The author is a student at the Gujarat National Law University.

Stewardship is defined as the art of conducting, supervising, or managing of something entrusted to one’s care. The Stewards of commercial markets are institutional investors like the pension funds, mutual funds, insurance companies, asset management companies, investment advisors etc. They shoulder a responsibility to exercise their rights as shareholders of investee companies in order to ensure that their client’s money invested in various companies yields beneficial returns and the investee company does not mis-handle the money.

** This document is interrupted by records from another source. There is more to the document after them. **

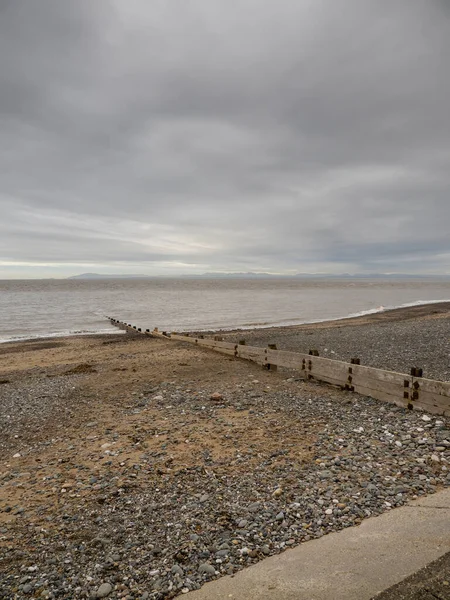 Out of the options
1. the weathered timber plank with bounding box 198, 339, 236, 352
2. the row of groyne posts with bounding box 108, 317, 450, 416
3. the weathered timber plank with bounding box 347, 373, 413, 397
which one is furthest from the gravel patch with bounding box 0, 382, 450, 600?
the weathered timber plank with bounding box 198, 339, 236, 352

Hence, Securities and Exchange Board of India (SEBI) recently promulgated the Stewardship Code, 20191 (SEBI Code) for institutional investors in India. It sets out the principles that enhance investor engagement and transparency and define their ownership and governance responsibilities. It is expected that the SEBI Code will automatically check and balance the system of corporate governance and allow institutional investors to engage with the investee company in circumstances of poor financial performance of the company, corporate governance related practices, remuneration, strategy, risks, leadership issues and litigation. But these ambitious goal might not see the light of the day, because the SEBI Code is completely based on the United Kingdom Stewardship Regime.

India has straightaway transposed the UK style Stewardship Code2 without giving much thought about the difference in the  corporate structures and motivations behind ensuring good governance practices. India has a concentrated shareholding structure wherein majority stakes are held by the promoters and their family members. UK on the other hand has a dispersed shareholding structure which allows institutional investors to hold significant share ina company and participate in corporate governance measures. In india, however, due to insignificant holding of institutional investors, their voices will be seldom heard.

Furthermore, the stewardship goals of India and UK are very different. UK law focuses on Enhancing Shareholder Value (ESV Principle)3 stating that the ultimate objective of shouldering stewardship responsibilities is to ensure protection of the interests of the ultimate beneficiaries of institutional investors and thereby ensure ultimate prosperity and welfare. Transposition of such a UK-style stewardship model is not suitable in India because India has a pluralistic corporate structure that focuses on interest of all stakeholders and not only the beneficiaries of institutional investors. For instance, the Indian regulatory and legislative practices resonate a broader and more inclusive corporate environment as provided under section 166 of the Companies Act, 2013 which emphasizes on the fiduciary duties of the director4 to,

“act in good faith promote the objects of the company for the benefit of its members as a whole, and in the best interests of the company, its employees, the shareholders, the community and for the protection of environment.”

 Further the provisions of Corporate Social Responsibility (CSR) in the Companies Act, 2013 suggests heavy inclination towards the inclusive stakeholder approach that aims to benefit the society at large and not only the beneficiaries of institutional investors. It can be said that the Indian stewardship regime,

“…mistakenly concentrates monitoring in the hands of shareholders, where other stakeholders may have greater incentive to monitor, thereby unnecessarily relegating the importance of other stakeholders…”5

In an attempt to imitate UK Stewardship regime, the SEBI Stewardship Code has wrongly laid emphasis on benefiting the beneficiaries of institutional investors, without giving a second thought about the inconsistencies it would produce in the Indian corporate governance scenario.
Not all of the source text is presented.